He argues that the place of the homeless within the Occupy community makes sense and adds depth to the movement. He believes that people coming from all walks of life to join the cause can make a stronger whole, in spite of their differences.

"I see it as being symbiotically beneficial because you have people from all different dichatoms of society together," said Poca.

The encampment is supported by donations and generally, the homeless of the District aren't able to donate as much to the Occupy cause as their voluntarily houseless counterparts.
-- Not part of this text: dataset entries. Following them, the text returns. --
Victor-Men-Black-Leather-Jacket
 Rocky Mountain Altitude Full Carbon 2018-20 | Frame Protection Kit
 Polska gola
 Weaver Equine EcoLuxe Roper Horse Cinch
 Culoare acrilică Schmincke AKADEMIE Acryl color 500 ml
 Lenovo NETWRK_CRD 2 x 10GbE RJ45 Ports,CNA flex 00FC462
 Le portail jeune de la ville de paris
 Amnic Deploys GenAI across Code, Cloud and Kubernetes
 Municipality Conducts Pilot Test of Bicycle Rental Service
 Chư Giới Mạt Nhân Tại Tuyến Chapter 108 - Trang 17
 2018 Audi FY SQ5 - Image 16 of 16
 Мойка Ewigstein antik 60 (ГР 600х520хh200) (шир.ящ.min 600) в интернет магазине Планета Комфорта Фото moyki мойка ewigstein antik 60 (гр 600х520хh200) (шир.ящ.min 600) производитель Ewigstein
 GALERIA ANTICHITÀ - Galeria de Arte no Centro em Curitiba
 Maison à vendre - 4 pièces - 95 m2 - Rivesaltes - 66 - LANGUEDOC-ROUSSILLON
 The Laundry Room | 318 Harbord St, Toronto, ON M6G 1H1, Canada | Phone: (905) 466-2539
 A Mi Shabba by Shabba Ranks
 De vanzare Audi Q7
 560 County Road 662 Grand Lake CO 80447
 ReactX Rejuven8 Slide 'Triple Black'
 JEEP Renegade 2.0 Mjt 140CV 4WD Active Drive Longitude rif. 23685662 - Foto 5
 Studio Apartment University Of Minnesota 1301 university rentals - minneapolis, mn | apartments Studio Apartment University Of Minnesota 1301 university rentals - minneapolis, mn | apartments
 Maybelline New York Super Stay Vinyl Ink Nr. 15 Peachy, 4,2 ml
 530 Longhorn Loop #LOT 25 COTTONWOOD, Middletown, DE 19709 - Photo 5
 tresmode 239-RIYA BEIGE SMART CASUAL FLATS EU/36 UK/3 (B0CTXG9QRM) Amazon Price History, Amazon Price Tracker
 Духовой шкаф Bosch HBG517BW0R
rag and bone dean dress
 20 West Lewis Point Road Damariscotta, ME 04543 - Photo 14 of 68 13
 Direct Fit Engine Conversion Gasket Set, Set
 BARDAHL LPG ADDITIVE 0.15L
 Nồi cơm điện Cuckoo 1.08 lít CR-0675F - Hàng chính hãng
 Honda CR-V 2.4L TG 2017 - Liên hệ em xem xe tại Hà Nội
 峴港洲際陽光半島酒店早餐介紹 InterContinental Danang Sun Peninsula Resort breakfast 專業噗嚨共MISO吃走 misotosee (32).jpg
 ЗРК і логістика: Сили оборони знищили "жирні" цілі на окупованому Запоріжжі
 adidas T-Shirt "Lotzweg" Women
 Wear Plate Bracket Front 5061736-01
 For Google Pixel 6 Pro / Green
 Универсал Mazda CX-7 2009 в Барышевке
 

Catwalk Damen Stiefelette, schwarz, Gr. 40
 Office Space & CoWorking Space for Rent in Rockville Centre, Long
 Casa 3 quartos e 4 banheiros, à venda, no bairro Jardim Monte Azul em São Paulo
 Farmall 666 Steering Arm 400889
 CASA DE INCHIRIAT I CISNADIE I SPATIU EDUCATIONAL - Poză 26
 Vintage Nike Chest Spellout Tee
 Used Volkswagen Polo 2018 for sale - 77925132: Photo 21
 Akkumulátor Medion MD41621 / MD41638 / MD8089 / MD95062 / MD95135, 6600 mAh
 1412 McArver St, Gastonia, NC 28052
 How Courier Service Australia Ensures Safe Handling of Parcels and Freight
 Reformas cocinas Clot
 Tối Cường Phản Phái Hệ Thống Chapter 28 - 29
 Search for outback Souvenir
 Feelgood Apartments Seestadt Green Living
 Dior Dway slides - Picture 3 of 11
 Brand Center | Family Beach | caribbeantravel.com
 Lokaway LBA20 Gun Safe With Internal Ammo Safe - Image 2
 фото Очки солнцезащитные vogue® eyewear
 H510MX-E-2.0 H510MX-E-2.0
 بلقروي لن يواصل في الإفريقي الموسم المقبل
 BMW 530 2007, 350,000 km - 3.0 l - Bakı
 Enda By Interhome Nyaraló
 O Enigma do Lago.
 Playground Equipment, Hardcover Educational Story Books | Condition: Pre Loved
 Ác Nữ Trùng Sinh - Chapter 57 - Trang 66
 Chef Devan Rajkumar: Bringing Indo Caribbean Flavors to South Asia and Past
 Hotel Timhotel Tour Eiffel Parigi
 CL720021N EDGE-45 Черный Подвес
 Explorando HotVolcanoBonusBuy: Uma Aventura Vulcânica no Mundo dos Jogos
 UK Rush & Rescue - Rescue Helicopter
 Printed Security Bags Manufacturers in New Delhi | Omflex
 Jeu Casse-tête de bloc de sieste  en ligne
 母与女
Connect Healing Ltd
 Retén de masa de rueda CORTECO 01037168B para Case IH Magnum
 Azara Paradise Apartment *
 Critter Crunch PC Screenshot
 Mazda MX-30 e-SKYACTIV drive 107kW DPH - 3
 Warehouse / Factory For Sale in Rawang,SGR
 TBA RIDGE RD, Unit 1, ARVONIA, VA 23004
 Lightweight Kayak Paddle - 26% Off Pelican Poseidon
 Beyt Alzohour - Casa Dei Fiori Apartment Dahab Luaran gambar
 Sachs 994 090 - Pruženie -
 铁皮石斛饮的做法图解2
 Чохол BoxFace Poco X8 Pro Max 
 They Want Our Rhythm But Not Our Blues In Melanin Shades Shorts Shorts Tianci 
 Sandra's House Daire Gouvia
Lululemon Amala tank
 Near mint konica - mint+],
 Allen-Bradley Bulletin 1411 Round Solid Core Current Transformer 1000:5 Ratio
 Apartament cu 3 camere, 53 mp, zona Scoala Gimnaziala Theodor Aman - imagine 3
But they give back where and when they can, members of the movement say.  Poca and DeVoe have seen the homeless of Occupy do some of the chores and inventories for the camp in lieu of donations like money or supplies.

"When they can [give back], they will," said Kay Schaner, an Occupier who has oscillated between homelessness and having a home.

But Schaner qualifies that with a warning; she thinks that anyone, homeless or not,who  isn't contributing,  should be kicked out.

"If they're not productive, if they're not looking for a job, if they're not volunteering…if this hasn't filled them with hope, then I don't know what will."

Benn Mace and his wife Kit LaCroix occupy on and off while living with their parents in Annandale, Va.  They welcome and treasure the homeless people within the Occupy movement who have an equal part in keeping the protest going as anyone else.

"If they come in from another city and want to take part, or if they're college students who are skipping class to come do this, or whether they usually sleep on the steps of a statue at night, you're welcome to come in, so long as you help out…that's really the only line we draw, but we draw it for everyone," said Mace, speaking for Occupy DC

Through Occupy DC, homeless people like DeVoe and others have found a place, though without a roof, that they can call a home.  Though they don't have jobs yet, they are getting prepared for a life after Occupy DC with the skills they glean from their responsibilities within Freedom Plaza.

It is important, said Poca, not to  judge or treat the homeless differently.

"They're part of the 99 percent, so they have as much right to be here and express themselves regardless of any kind of handicap," said Poca.  "Just because you're homeless, you haven't lost your vote."